NOTE: We support half-precision inference for PyTorch and TensorFlow models only on GPU devices.

Half-precision (or FP16) is a binary floating-point format that occupies 16 bits in computer memory.

Advantages:

  • Faster inference

  • Less memory usage

import torch
predictor = ocr_predictor(reco_arch="crnn_mobilenet_v3_small", det_arch="linknet_resnet34", pretrained=True).cuda().half()
res = predictor(doc)

Export to ONNX

ONNX (Open Neural Network Exchange) is an open and interoperable format for representing and exchanging machine learning models.
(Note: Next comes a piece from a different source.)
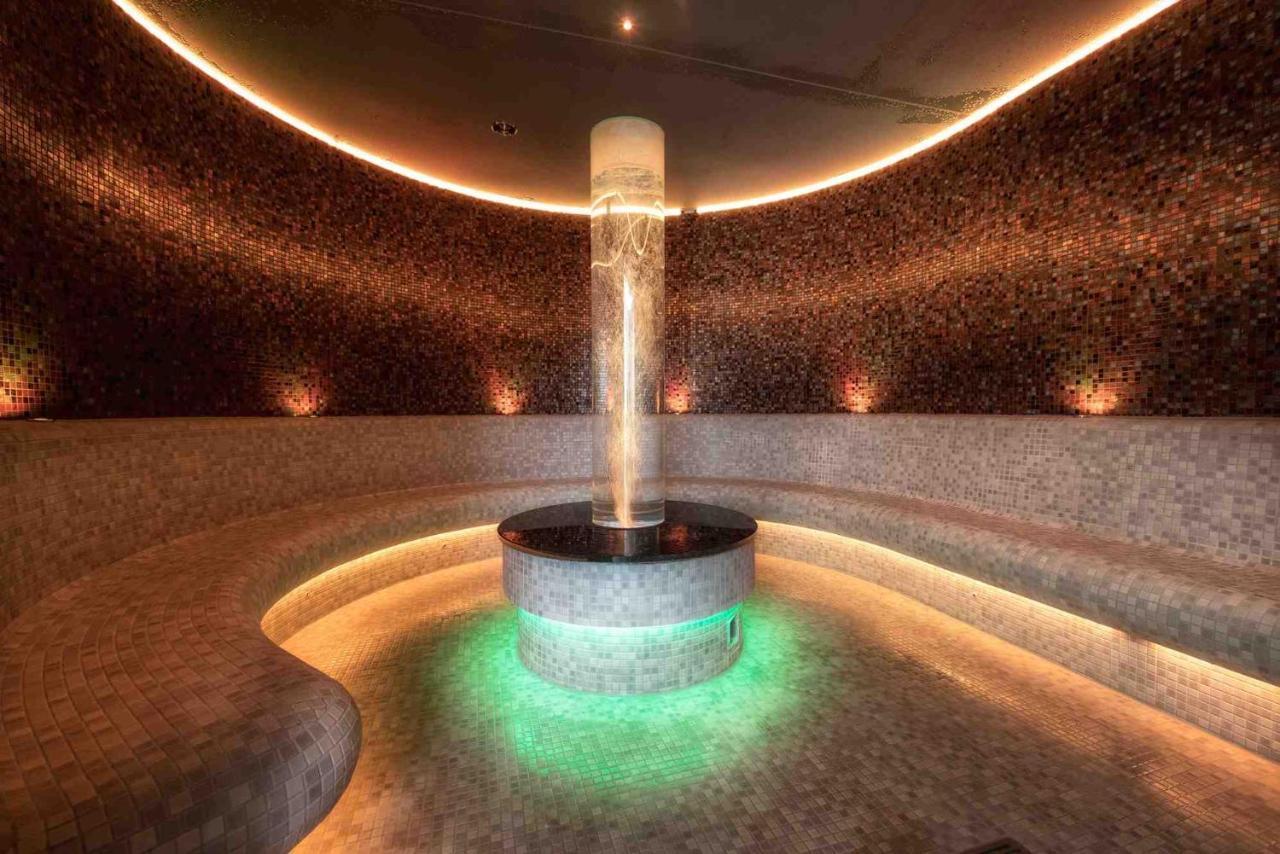 Stroebinger Hof - Therme Wellness Resort Bad Endorf Eksteriør bilde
It defines a common format for representing models, including the network structure, layer types, parameters, and metadata.

import torch
from doctr.models import vitstr_small
from doctr.models.utils import export_model_to_onnx

batch_size = 16
input_shape = (3, 32, 128)
model = vitstr_small(pretrained=True, exportable=True)
dummy_input = torch.rand((batch_size, input_shape), dtype=torch.float32)
model_path = export_model_to_onnx(model, model_name="vitstr.onnx, dummy_input=dummy_input)

Using your ONNX exported model

To use your exported model, we have build a dedicated lightweight package called OnnxTR. The package doesn’t require PyTorch or TensorFlow to be installed - build on top of ONNXRuntime. It is simple and easy-to-use (with the same interface you know already from docTR), that allows you to perform inference with your exported model.

pip install onnxtr[cpu]
from onnxtr.io import DocumentFile
from onnxtr.models import ocr_predictor, parseq, linknet_resnet18
# Load your documents
single_img_doc = DocumentFile.from_images("path/to/your/img.jpg")

# Load your exported model/s
reco_model = parseq("path_to_custom_model.onnx", vocab="ABC")
det_model = linknet_resnet18("path_to_custom_model.onnx")
predictor = ocr_predictor(det_arch=det_model, reco_arch=reco_model)
# Or use any of the pre-trained models
predictor = ocr_predictor(det_arch="linknet_resnet18", reco_arch="parseq")

# Get your results
res = predictor(single_img_doc)